A benchmark that can't show its own losses isn't evidence. These are the constraints that keep this honest.

  • Single-operator pilot, small N (3–38 per track). Read these as directional point estimates, not measured rates with confidence intervals.
  • Only the speed and memory tracks are recorded in the committed, version-stamped scorecard. Governance and coding are run by hand and are not yet auto-recorded per release; the governance catch-rate here comes from reconstructed diffs — a bounded proxy.
  • No external or competitor baselines for speed — architecturally incomparable. Only an internal release-over-release delta. A SWE-bench run is still pending.
  • LLM-judged quality on a single judge family across memory and coding. A second-judge cross-check is pending.
  • Accuracy is the memory win; on raw hallucination count the Brain still trails strong-grep in the recall-heavy categories. It buys relevance, not abstention.

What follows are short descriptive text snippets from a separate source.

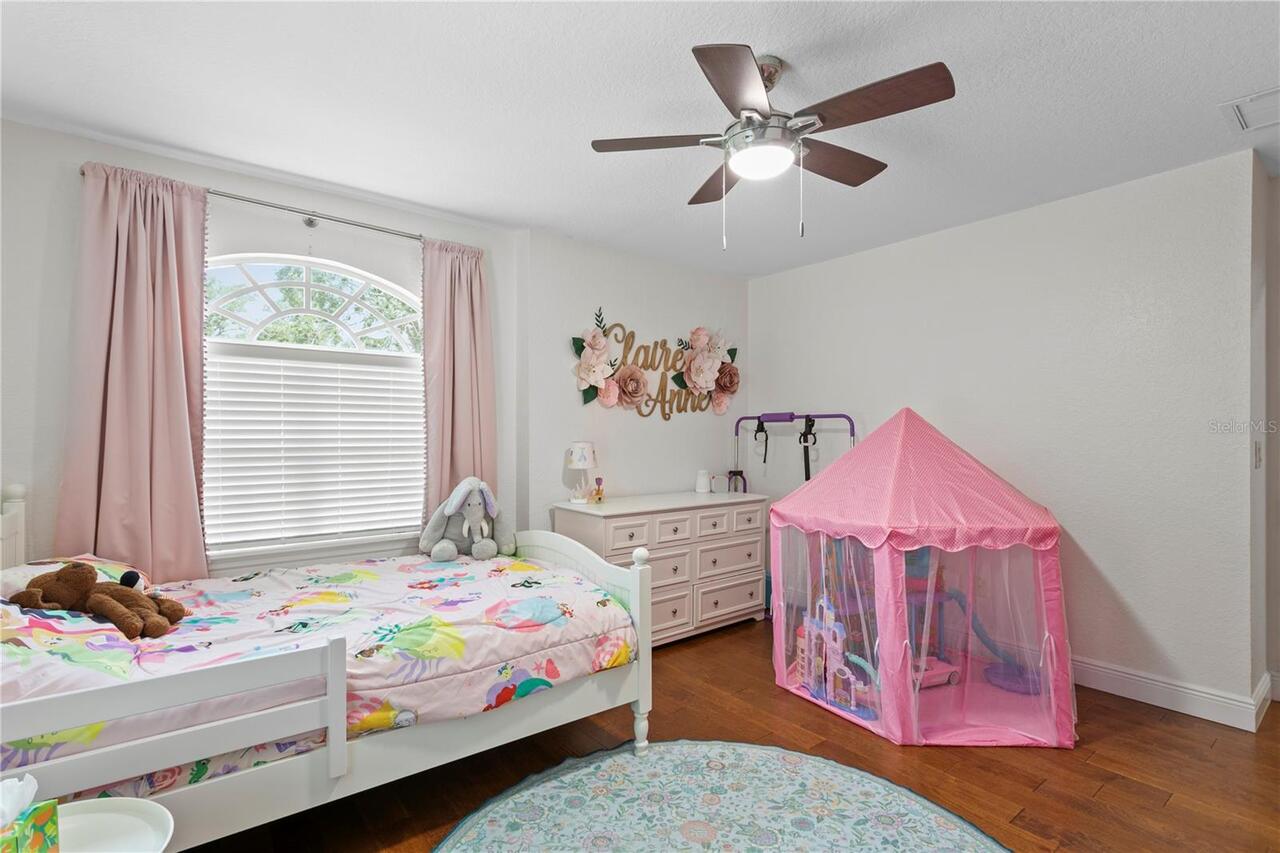 Listing Photo 34
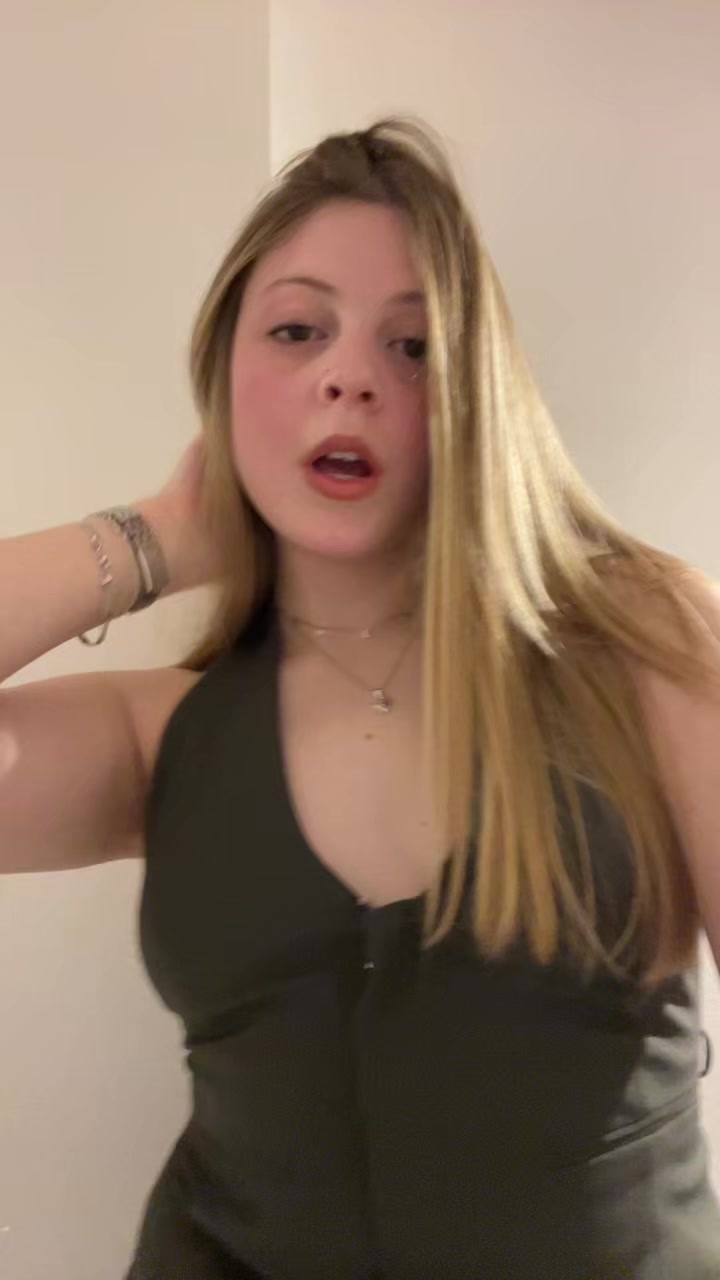 @pifuueee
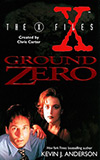 Ground Zero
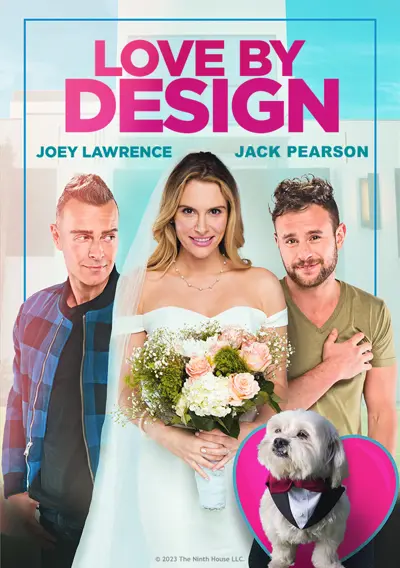 Capa Amor Com Estilo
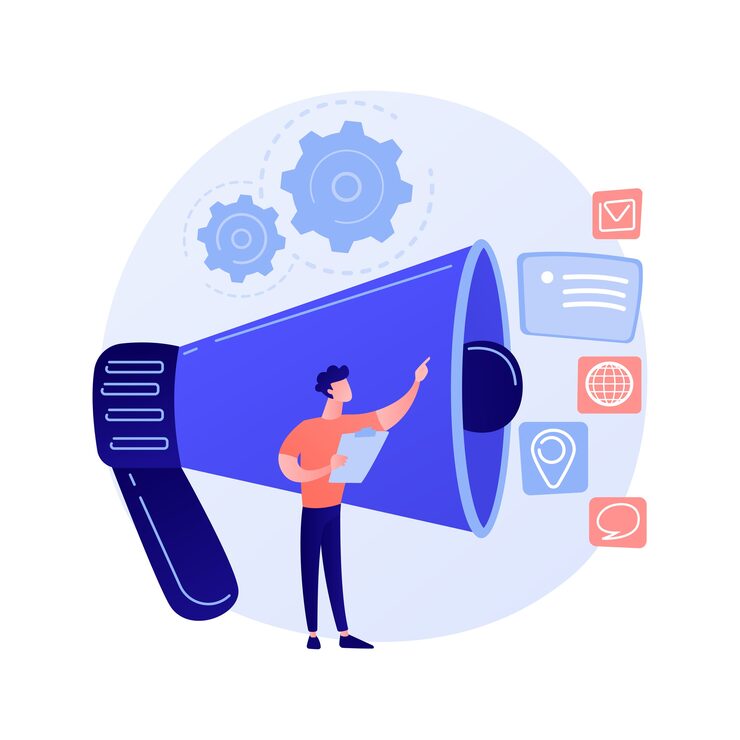 Sprostowanie – klucz do efektywnej komunikacji w PR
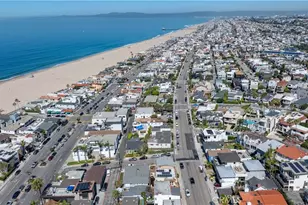 2125 Manhattan, Hermosa Beach, CA 90254 - Photo 30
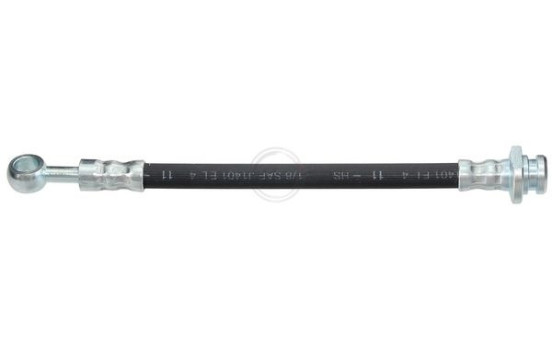 Brake Hose SL 6289 ABS, Image 2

  • Governance bugs were curated to pass tsc and lint — the regime most favorable to review.
  • The governance result measures the AI review tier, not the human approval backstop that sits above it in production.

A full study would scale each track — N≥30 coding tasks, multi-judge, multi-operator, external where possible — and exercise the human-approval layer. Until then this is an honest pilot.